Пена на поверхности воды постепенно рассосалась, и Альбина предстала предо мной во всей своей красе. Фигура у нее была классная, без изъянов, а может, мне просто показалось, что она – само совершенство. После бурной новогодней ночи многое может показаться…

– Я бы давно разбежалась с ним, – разоткровенничалась Альбина, – да кооператив мешает. Представь, я уже родителям сказала, что хочу подать на развод, но они на дыбы встали: «Что ты горячку порешь! Посмотри вокруг: жизнь в стране меняется, дела идут на лад. Если у нас со «Встречей» все получится, надо будет второе кафе открывать, а кого туда директором ставить, если не Сергея? Он парень не амбициозный, покладистый, в общую кассу руку не запустит, а как себя поведет новый муж – неизвестно».

– Стоит ли жить ради денег?

– Пока – стоит. Родители правы – на переправе коней не меняют.

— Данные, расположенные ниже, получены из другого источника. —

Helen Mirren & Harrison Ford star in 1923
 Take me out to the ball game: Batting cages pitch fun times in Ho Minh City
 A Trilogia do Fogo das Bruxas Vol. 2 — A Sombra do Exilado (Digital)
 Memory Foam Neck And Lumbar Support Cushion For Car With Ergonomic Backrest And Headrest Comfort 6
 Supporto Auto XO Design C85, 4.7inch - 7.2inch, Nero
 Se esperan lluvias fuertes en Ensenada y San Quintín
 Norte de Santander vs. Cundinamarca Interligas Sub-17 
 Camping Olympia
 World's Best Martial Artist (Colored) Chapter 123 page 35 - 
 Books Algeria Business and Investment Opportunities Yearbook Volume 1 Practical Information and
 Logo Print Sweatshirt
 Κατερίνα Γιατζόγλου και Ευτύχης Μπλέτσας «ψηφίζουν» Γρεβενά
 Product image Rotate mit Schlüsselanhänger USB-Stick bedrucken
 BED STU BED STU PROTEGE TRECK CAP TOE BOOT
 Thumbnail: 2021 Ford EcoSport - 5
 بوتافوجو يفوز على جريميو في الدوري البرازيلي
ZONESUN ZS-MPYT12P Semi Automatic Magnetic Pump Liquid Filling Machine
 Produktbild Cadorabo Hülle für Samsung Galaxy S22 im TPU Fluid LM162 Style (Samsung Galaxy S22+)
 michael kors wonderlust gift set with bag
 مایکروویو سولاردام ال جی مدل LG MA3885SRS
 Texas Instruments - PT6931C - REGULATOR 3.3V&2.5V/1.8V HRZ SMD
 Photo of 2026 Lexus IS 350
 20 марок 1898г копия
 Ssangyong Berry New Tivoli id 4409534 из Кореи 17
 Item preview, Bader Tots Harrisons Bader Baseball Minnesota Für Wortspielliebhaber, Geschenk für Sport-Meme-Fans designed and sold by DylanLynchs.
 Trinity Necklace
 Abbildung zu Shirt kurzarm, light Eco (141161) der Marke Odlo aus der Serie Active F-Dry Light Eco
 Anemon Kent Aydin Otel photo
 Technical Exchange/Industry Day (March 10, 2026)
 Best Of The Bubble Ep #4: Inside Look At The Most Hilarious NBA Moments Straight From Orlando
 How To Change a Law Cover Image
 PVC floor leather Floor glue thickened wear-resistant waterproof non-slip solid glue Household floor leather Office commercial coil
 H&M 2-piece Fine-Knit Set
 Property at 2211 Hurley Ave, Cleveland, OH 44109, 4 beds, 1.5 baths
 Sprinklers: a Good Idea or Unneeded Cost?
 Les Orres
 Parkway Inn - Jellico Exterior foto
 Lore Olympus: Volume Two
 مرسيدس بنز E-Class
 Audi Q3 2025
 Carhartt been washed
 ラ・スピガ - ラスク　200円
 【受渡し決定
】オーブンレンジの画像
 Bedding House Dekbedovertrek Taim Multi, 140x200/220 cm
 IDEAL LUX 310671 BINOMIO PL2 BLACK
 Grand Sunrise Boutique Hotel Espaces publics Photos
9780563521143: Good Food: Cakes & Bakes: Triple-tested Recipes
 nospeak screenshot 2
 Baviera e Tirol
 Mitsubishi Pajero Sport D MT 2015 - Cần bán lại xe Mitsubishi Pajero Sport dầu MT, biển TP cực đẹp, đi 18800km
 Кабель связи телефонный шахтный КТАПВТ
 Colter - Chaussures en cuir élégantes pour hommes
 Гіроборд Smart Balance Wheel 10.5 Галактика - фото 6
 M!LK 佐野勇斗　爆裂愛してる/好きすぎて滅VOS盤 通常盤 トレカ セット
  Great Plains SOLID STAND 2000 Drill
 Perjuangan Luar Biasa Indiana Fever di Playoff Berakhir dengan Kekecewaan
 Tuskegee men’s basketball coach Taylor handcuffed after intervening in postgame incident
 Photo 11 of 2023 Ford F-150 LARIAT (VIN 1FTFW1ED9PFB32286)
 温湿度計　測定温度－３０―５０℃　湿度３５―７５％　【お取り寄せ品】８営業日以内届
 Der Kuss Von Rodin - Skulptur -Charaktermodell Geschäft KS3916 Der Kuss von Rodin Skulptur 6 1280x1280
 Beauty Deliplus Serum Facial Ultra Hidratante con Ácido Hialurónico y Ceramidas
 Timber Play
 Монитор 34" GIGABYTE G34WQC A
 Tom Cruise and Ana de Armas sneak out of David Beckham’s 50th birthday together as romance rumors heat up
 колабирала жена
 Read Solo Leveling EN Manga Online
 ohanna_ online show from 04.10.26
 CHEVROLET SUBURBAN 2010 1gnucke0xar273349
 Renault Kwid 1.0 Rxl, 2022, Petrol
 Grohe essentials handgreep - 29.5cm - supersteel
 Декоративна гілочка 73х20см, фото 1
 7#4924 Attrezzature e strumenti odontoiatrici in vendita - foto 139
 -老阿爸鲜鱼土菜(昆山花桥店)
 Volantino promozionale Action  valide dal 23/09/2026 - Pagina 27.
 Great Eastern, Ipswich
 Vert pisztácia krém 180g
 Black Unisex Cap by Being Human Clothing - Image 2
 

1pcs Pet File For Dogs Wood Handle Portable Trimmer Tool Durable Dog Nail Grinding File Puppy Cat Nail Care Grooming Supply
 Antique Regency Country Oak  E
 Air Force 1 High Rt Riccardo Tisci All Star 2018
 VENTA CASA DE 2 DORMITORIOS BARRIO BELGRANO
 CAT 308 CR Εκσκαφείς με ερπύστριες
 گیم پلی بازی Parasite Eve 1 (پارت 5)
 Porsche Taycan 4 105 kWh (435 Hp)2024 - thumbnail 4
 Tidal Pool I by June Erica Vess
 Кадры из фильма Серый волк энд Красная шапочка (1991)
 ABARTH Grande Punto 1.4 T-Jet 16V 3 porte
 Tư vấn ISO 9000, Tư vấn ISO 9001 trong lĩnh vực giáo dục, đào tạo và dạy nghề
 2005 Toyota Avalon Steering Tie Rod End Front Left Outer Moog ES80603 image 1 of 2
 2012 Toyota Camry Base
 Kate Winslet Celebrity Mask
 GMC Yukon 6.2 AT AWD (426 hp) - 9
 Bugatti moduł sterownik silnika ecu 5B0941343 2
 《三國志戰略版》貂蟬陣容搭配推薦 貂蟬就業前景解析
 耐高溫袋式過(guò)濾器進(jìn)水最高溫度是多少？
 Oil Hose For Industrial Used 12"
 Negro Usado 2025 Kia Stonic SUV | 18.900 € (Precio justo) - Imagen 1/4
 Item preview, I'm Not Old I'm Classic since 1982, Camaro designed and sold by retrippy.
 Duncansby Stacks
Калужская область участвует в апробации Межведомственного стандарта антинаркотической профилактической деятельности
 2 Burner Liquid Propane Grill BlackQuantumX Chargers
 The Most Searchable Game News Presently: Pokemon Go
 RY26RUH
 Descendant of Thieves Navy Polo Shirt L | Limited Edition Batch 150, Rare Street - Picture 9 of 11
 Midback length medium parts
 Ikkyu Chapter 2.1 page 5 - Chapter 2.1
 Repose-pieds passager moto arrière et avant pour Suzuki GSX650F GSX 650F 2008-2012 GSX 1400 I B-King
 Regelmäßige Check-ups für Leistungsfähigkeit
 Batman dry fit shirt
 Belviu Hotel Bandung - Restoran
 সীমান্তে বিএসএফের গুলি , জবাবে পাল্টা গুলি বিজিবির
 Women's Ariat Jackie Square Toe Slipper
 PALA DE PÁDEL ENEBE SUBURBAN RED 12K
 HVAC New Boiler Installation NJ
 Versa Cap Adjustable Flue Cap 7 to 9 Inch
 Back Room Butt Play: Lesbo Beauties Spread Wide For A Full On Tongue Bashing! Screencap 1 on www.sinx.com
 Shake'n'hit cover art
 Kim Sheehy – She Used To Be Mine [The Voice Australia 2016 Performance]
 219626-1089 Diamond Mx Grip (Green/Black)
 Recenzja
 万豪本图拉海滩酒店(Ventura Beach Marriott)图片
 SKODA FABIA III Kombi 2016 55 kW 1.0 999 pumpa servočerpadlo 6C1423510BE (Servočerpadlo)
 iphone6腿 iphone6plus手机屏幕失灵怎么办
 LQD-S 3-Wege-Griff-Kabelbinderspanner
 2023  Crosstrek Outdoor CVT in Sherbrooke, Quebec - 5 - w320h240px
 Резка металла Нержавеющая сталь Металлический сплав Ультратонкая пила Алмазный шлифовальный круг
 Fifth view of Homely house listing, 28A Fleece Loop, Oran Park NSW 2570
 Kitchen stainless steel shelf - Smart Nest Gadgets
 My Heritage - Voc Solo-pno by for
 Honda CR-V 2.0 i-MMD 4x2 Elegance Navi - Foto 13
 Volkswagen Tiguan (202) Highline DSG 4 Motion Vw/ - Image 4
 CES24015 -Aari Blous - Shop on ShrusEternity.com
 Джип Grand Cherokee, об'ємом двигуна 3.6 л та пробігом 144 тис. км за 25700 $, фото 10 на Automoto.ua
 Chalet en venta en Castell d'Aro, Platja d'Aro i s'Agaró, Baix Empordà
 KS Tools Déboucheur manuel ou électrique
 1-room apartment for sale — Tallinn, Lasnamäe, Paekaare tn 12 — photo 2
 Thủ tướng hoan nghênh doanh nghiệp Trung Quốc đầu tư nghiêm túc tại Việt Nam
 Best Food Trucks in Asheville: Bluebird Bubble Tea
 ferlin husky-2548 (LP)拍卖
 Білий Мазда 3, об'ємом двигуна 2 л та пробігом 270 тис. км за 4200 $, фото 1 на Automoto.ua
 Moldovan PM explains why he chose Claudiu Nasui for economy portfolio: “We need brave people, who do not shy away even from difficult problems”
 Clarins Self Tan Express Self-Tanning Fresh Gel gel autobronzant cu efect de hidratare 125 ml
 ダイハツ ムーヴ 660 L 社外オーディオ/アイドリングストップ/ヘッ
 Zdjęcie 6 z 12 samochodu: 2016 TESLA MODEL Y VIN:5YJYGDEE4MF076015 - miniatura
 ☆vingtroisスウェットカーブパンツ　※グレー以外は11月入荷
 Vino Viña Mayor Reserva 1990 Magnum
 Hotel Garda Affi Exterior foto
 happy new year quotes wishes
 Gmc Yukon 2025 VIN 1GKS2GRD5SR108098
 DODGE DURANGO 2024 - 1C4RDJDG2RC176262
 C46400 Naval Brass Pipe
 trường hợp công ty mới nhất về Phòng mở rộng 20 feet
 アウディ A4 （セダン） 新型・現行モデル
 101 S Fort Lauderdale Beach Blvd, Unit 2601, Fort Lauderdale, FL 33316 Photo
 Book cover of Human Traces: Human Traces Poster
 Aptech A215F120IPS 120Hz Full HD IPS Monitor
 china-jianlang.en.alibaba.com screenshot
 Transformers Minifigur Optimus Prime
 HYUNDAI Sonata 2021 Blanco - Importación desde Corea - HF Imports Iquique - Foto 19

– А если переправа затянется на много лет?

– Ты ничего не понял! – от избытка чувств Альбина хлопнула ладошкой по воде так, что брызги полетели во все стороны. – Вчера я была счастлива, вчера душа моя неслась туда, куда хотела, но, чтобы воплощать мечты в реальность, нужны деньги, нужно положение в обществе. Пока я замужем за Сергеем, могу спокойно зарабатывать и не думать, что при разводе он отпилит себе половину. Ему при расставании ничего не достанется. Доля в кооперативе записана на мое имя, прибыль поступает на мой счет. Рано или поздно я смогу себя материально обеспечить и перейти в другое измерение.

– На Луну улетишь?

– В хорошей компании можно и на Луну сгонять, и по «Трем точкам» проехать. Не пытайся меня понять. Я живу по своим законам и стремлюсь к своим мечтам. Все мои незамужние подруги ждут принца на белом коне, а мне он на фиг не нужен! Я сама хочу быть принцессой в белой карете. У меня с юных лет море нереализованных фантазий, но все они упираются в деньги. Деньги – в семье. Сергей – часть семьи. Пока я финансово не отпочковалась от родителей, Сергей будет моим мужем, а там – посмотрим.

– Альбина, а если в ожидании кареты пройдут годы, и ты потеряешь привлекательность?

– Пока они пройдут, я ни одного дня зря не проживу, – заверила Альбина. – Мне будет что под старость лет вспомнить. Тебя, например.

– За это стоит выпить! – Я плеснул в стаканы все еще пенящегося шампанского. – Кстати, ответь мне на один вопрос: вы с родителями свои талоны на спиртное отовариваете?

– Конечно! А что ты предлагаешь, врагам их оставлять? Мы, как все, талончик в руки – и в магазин, – она приняла из моих рук напиток, через трубочку высосала его до конца. – Андрей, если меня сейчас развезет и повторится вчерашняя история, то ты смело можешь зачислить меня в число своих мужских побед.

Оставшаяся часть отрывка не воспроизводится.